Más allá de desarrollar reformas políticas o sociales, en este periodo urgió el interés por desarrollar un reforzamiento legal y jurídico (Von Lampe, 1999). A su vez, en las décadas de 1930 y 1940, el concepto del crimen organizado perdió atención y relevancia en la esfera pública y mediática. Regresó, con un nuevo condicionamiento significativo, hacia 1950, cuando una comisión del senado de Estados Unidos se enfrentó a un caso de fraude de comercio interestatal que se extendió paulatinamente por varias ciudades del territorio.
The Kefauver Comitee: 1950-1952
Bajo el control del senador de Tennessee, Estes Kefauver, se creó el comité de investigación especial encargado de llevar a cabo las indagaciones conducentes para probar cómo las organizaciones criminales utilizaban los canales interestatales de comercio para desarrollar actividades ilegales. El dilema fue controversial. La comisión Kefauver buscó probar la existencia de grupos criminales que operaban conectados, al mismo tiempo que la Oficina Federal de Investigaciones (FBI, por sus siglas en inglés) negaba la existencia de grupos delictivos que pudieran desarrollar dichas actividades en el ámbito nacional y conspirar contra Estados Unidos. Para la Comisión Kefauver existían sindicatos criminales y sus tentáculos llegaban a todas las regiones del país (Hunt, 2016).6 Parte de los cambios sustanciales sobre el significado del fenómeno del crimen organizado se presentó en este periodo. La Comisión Kefauver determinó que muchos criminales operaban unidos como verdaderas organizaciones criminales siniestras, conocidas como mafias. Esto produjo modificaciones en la forma de concebir el problema del crimen organizado. Por una parte, no fue más un fenómeno producto sólo de una localidad determinada, sino un problema nacional con grandes posibilidades de expansión. Por la otra, surgió el componente étnico característico de las mafias ítalo-estadounidenses, que tuvieron sus referentes en grupos criminales italianos, como la Cosa Nostra o la Ndrangetha siciliana. Aquí vale la pena aclarar el problema de la definición de la mafia entre los estadounidenses. Su idea dominante se ajustó a lo que históricamente han percibido y publicitado en los medios de comunicación desde la década de 1930 y hasta nuestros días como mafia italiana -la Cosa Nostra, en específico- (Finckenauer, 2010: 17).
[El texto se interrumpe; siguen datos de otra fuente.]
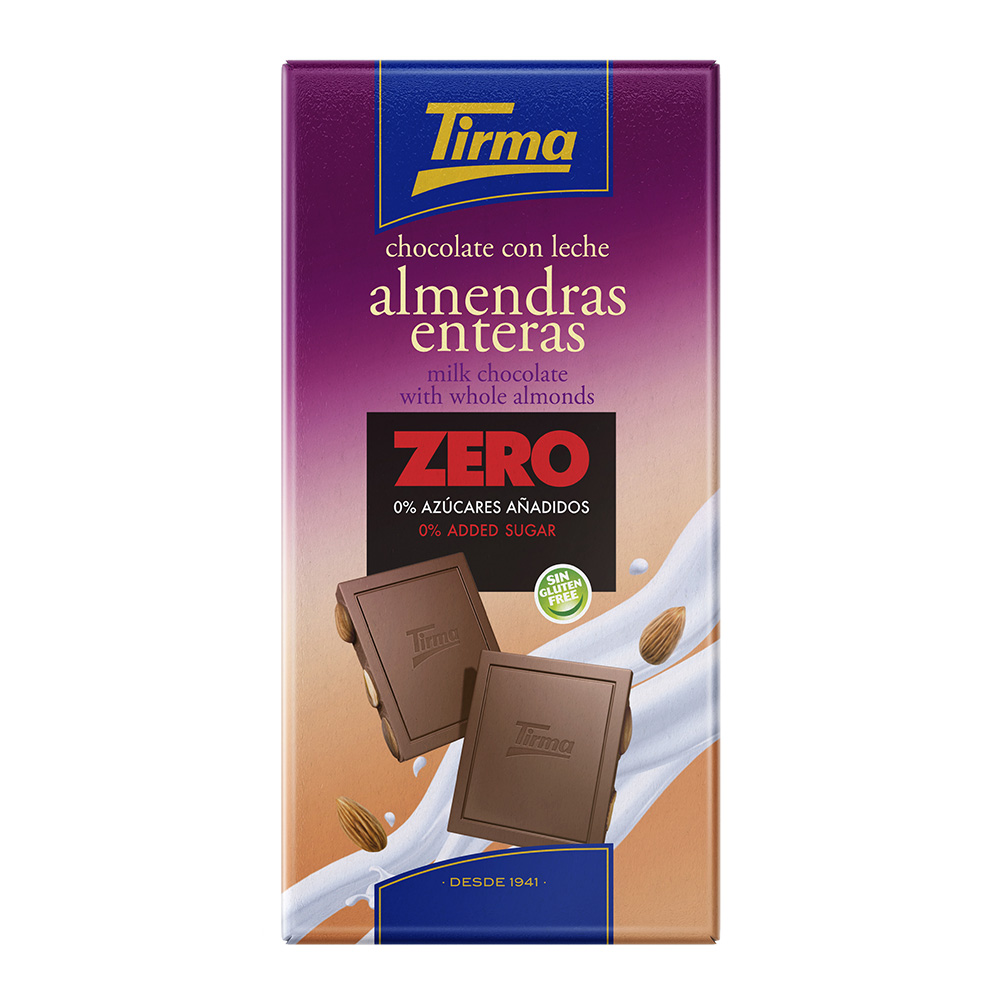 Chocolate con leche y almendras enteras  ZERO 125g
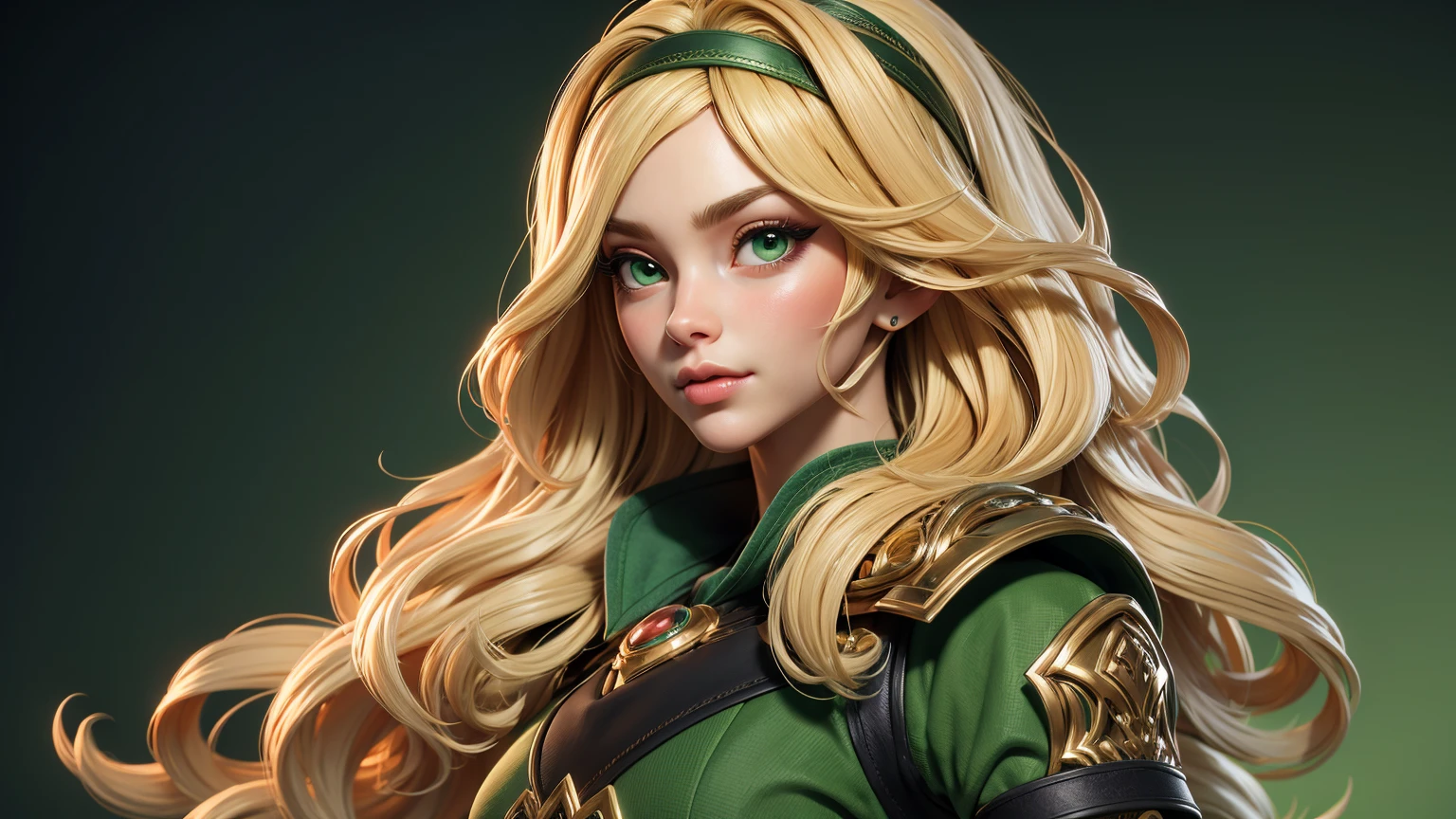 3dmm style,(masterpiece, top quality, best quality, official art, beautiful and aesthetic:1.2), (fractal art:1.3),Green clothing1girl, beautiful, high detailed, blonde hair, long hair, wavy hair, hairband, makeup, eyeshadow, mascara, lipstick, dark lighting, serious face,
Durante la década de 1950 y gran parte de la siguiente, las nociones de crimen organizado y mafia se mezclaron, fueron tratadas como sinónimos de manera homogénea y prevalecieron los componentes de etnia y organización, principalmente. Las realidades que comenzaron a imperar en Estados Unidos en torno al crimen organizado propiciaron la empatía y la aceptación de la persecución de actividades ilegales en distintas partes del mundo. Lo caótico fue que las realidades de otros países, como México, tenían muy poco que ver con la realidad estadounidense, pues las condiciones territoriales de producción, tráfico y consumo alteraban las formas de operación delincuencial. Ahora bien, durante los años sesenta no hubo cambios en la percepción y persecución del crimen organizado en Estados Unidos, ya que la lucha contra la delincuencia que llevó a cabo John Edgar Hoover mediante el FBI fue detenida de pronto por el asesinato de John F. Kennedy, el 22 de noviembre de 1963 (Finckenauer, 2010: 62-63).7
Años setenta: la reconsideración conceptual
En la década de 1970, la atención se enfocó en el fenómeno del crimen organizado, que se colocó en el centro de las reflexiones políticas y policiacas, principalmente en Nueva York, por el FBI. Se consideró que las mafias habían llegado a esa ciudad y surgió un interés profundo por combatirlas y fortalecer medidas legales y estrategias para enfrentar su expansión en Estados Unidos. Como herramienta jurídica, el Congreso aprobó, en 1970, la Ley sobre Organizaciones Corruptas e Influidas por la Actividad Ilegal -Racketeer Influenced and Corrupt Organizations, RICO-, que se convirtió en estatuto federal y definió el crimen organizado desde una perspectiva más amplia, en la cual se incluyeron las nociones de bandas menos organizadas o estructuradas y empresas ilícitas (Buscaglia et al., 2001: 4-6).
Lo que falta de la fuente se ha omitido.